Exercise
Within the listing below, show every line that contains the word "Unique".
BEGIN Available data
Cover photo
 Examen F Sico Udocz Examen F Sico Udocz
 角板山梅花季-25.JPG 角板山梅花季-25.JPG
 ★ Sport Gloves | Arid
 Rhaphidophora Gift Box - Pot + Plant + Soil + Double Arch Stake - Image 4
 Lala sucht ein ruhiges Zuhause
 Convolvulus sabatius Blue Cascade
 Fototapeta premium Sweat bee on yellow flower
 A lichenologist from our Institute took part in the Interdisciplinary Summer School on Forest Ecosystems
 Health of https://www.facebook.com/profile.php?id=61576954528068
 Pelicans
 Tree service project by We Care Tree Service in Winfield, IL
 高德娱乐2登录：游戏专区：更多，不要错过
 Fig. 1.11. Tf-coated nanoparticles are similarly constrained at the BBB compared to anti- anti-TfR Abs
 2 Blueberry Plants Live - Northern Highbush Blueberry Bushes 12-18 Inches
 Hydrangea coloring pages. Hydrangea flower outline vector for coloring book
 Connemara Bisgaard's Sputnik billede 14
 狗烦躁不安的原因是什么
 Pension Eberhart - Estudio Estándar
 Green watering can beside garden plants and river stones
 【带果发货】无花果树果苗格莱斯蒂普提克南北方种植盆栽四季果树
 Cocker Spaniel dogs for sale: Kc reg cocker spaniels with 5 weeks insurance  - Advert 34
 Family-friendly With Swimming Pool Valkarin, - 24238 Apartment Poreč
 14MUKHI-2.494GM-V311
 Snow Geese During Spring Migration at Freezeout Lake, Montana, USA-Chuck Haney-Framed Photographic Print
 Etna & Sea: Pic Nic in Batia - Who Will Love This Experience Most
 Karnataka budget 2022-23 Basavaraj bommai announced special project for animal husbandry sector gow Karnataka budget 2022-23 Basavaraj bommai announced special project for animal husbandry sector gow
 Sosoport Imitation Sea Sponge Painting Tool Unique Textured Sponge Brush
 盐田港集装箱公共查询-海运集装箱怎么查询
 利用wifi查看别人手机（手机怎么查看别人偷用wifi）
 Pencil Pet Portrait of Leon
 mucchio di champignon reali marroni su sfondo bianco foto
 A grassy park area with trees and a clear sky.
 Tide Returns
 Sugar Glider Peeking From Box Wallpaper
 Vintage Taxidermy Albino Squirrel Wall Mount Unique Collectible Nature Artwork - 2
END Available data
The answer
 Sosoport Imitation Sea Sponge Painting Tool Unique Textured Sponge Brush
 Vintage Taxidermy Albino Squirrel Wall Mount Unique Collectible Nature Artwork - 2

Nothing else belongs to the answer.